Even though van Kessel himself spent much of his life in the Flemish city of Antwerp – he was born, married, bought a home and died all in Antwerp (Laureyssens 2003) – many of the insects on his panels were not native to Europe. For example, in the central panel the orange and blue peacock butterfly, native to Europe and ubiquitous in early modern Netherlandish still life paintings, sits diagonally from the Hercules beetle native to South America (Fig. 3). The mole cricket, a garden pest commonly found in seventeenth-century Europe sits nearby a peanut headed lantern fly, a specimen native to South America and in several cases imported as collectibles from Dutch colonies in Curaçao and Suriname (Fig. 4). Van Kessel also plays with the idea of place through the inclusion of a chimera at the panel’s center. The imagined creature, composed by combining animal parts excerpted from printed works, painted albums, and live observation of real creatures (Baadj 2016, 109-113), hails from no place other van Kessel’s mind (Fig. 5). Repeatedly in this panel and its companions van Kessel sets up contrasts between local and foreign insects. This suggests that much of what would have been exciting about his copper panels to viewers may have been the intercontinental origins for the species depicted. Insects from these panels reappear in other paintings representing America, Asia, and Europe as part of a series by van Kessel allegorizing the four continents (Baadj 2013, 225-227). Both in the very real sense of access to imported specimens but also in a symbolic sense, van Kessel, and other early modern artists used representations of insects to suggest that they had access to and control over the world beyond Europe.
Another aspect that would have been intriguing about the study of insects during this period was the beautiful, varied appearances of their surfaces. Glossy or shimmering iridescent shells, translucent wings, legs covered with microscopically fine filaments — insect bodies posed many challenges to painters’ ability to observe and represent them.
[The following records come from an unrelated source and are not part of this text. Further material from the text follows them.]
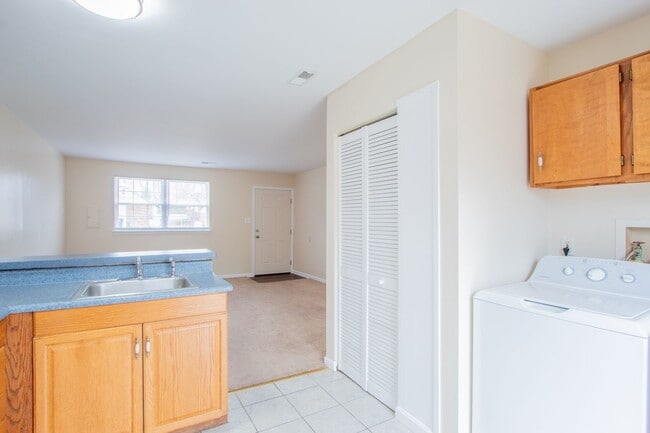 Building Photo - Great - 2 BEDROOM - Bright Open Floor Plan !!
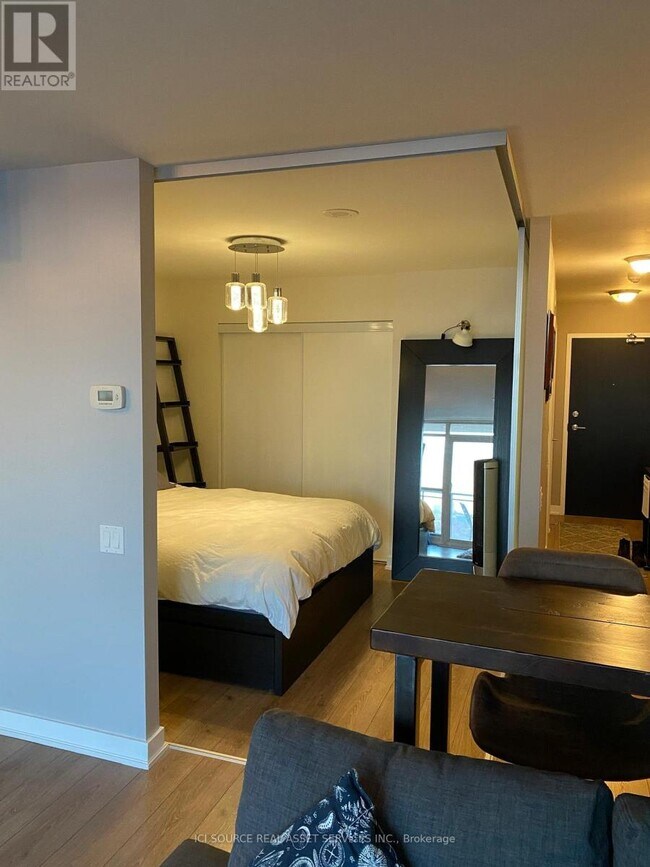 Photo - 78 Tecumseth St. Unit 1410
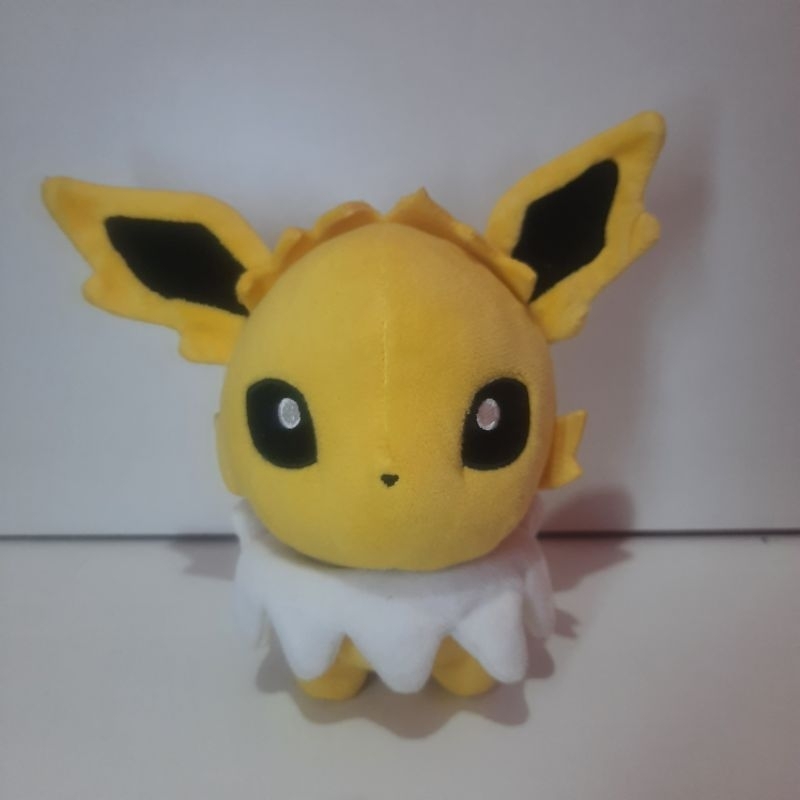 Boneka Jolteon Pokedoll Pokemon Center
Van Kessel exploited both the properties of materials and painterly artifice to meet that challenge. For example, he dramatically emphasized the surface quality of the Hercules beetle shown in figure 3. He exploited the smoothness of the copper support to paint the shell with very few visible brush strokes, mimicking its smooth surface texture. The shininess of oil paint as a medium recreates the glassiness the shell’s glassiness. He exaggerated this glassiness even further by painting bright white highlights on the beetle’s black head, almost as if the shell reflects an open window behind it. In painting the shell of the beetle at bottom right van Kessel goes beyond oil paint, applying strokes of gold or another metallic pigment to reference the shell’s shimmer (Fig. 6). Even though early modern Europeans did not know the cause of iridescence or have a single word for describing the effect, van Kessel here has still used materials to explore and recreate aspects of the effect. In this way and in many others van Kessel’s oil paintings are a vivid example of the overlap of art, science, and collecting in the early modern world.